- Born: Birmingham, England
- Education: University of Oxford (English Literature) University of Sussex (Postcolonial Studies)
- Writing career
- Years active: 2019–present
- Notable work: Bad Taste (2023)
- Website: www.nathalieolah.com

= Nathalie Olah =

British writer and cultural critic

Nathalie Olah is a British writer and cultural critic, living in London. Her books include Steal as Much as You Can (2019) and Bad Taste (2023).

==Early life and education==
Olah was born in Birmingham. She lived in social housing for part of her childhood and attended state schools. She gained a BA in English Literature from Christ Church, Oxford and an MA in Postcolonial Studies from the University of Sussex.

==Writing==
According to Francisco Garcia writing in The i Paper, Steal as Much as You Can (2019) reveals among other things the enduring legacy of the UK of the 1990s: "a deliberately emaciated working class or vernacular culture in favour of an increasingly stratified world, rigged for the privileged and propped up by a media whose focus is to reinforce middle-class cultural and political interests." The book proposes solutions.

According to Sheena Patel writing in the London Standard, Bad Taste (2023) "dissects what taste is through an intersection of class, of belonging, success and how privilege disguises itself and the ways in which that reflects your position or locks you out of the worlds you want to enter."

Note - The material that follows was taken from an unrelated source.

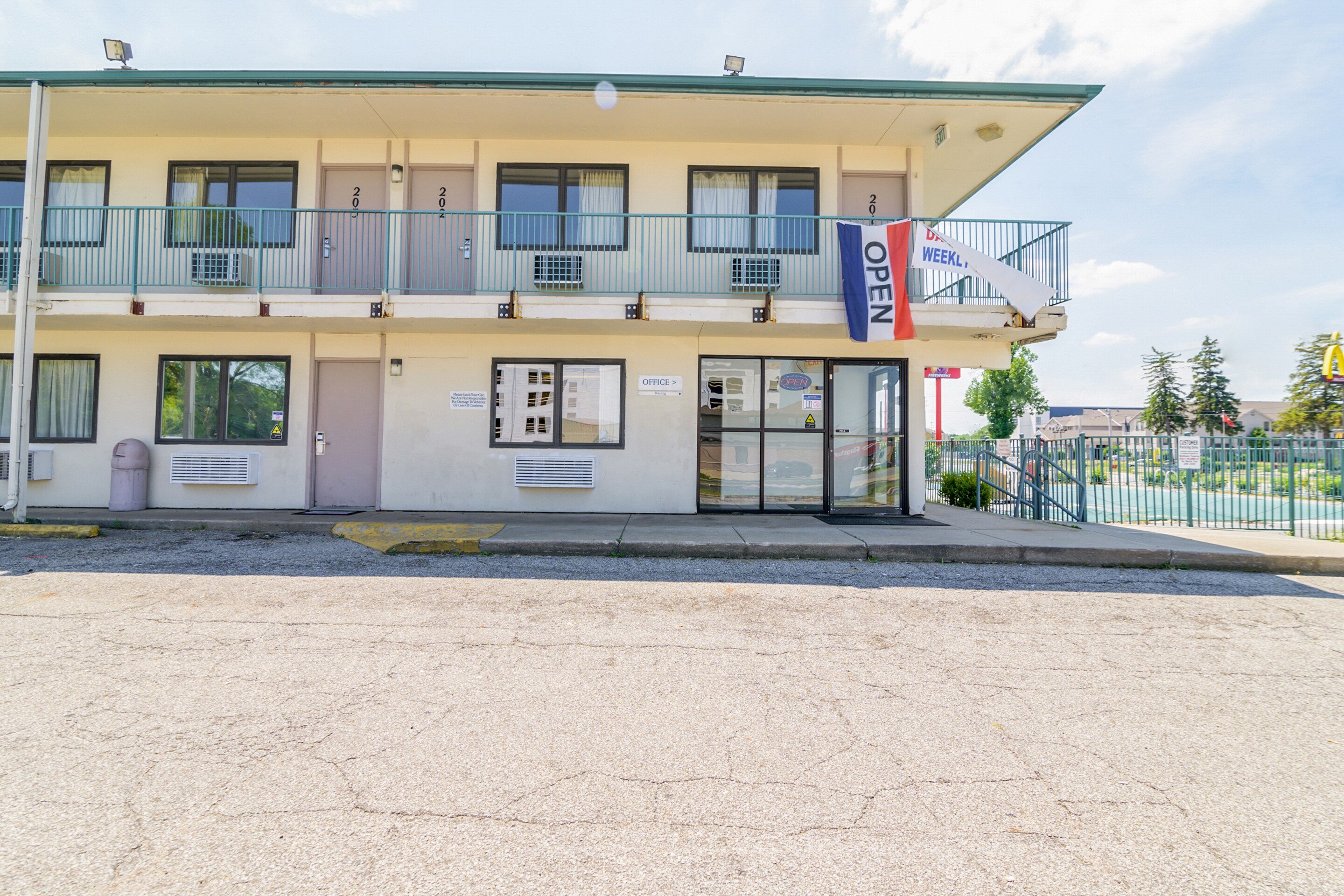 Suburban Studios South Bend Notre Dame Area 1/26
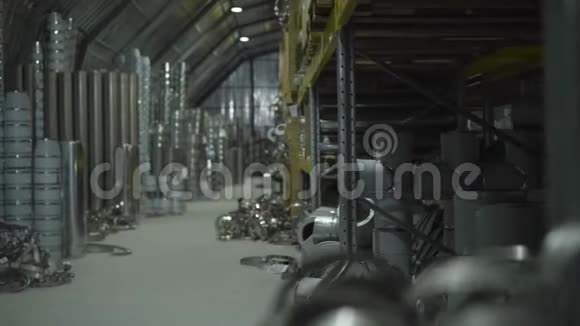 金属生产仓库钢金属管道和存放在货运码头的金属物品钢铁工业金属视频的预览图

In 2024, Tate commissioned Olah to write an essay to mark the 40th anniversary of the Turner Prize.

Olah received the 2025 Society of Authors' Travelling Scholarship award.

==Personal life==
Olah has lived in London since 2015.

==Publications==
- Steal as Much as You Can: How to Win the Culture Wars in an Age of Austerity. Repeater, 2019. ISBN 9781912248568.
- Look Again: Class. Tate, 2021. ISBN 978-1849767750.
- Bad Taste: or the Politics of Ugliness. Dialogue, 2023. ISBN 978-0349702261.